● **Exercise details**
Restate exactly, and only, the lines from the one containing "istock Happy family" through the end of the entries, keeping both endpoints.

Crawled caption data
───
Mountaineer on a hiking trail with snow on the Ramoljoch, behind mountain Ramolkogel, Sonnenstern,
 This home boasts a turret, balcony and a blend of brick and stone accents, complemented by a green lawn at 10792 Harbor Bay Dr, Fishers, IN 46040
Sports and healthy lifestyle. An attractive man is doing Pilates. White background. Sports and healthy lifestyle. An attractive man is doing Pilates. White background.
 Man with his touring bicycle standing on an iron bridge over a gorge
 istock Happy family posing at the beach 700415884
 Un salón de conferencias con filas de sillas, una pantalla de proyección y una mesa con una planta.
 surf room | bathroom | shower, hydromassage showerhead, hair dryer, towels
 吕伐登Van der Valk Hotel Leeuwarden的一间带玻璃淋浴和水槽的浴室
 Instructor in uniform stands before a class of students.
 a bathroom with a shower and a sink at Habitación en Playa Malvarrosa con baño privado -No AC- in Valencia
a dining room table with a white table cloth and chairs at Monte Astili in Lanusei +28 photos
───
● **Finished exercise**
 istock Happy family posing at the beach 700415884
 Un salón de conferencias con filas de sillas, una pantalla de proyección y una mesa con una planta.
 surf room | bathroom | shower, hydromassage showerhead, hair dryer, towels
 吕伐登Van der Valk Hotel Leeuwarden的一间带玻璃淋浴和水槽的浴室
 Instructor in uniform stands before a class of students.
 a bathroom with a shower and a sink at Habitación en Playa Malvarrosa con baño privado -No AC- in Valencia
a dining room table with a white table cloth and chairs at Monte Astili in Lanusei +28 photos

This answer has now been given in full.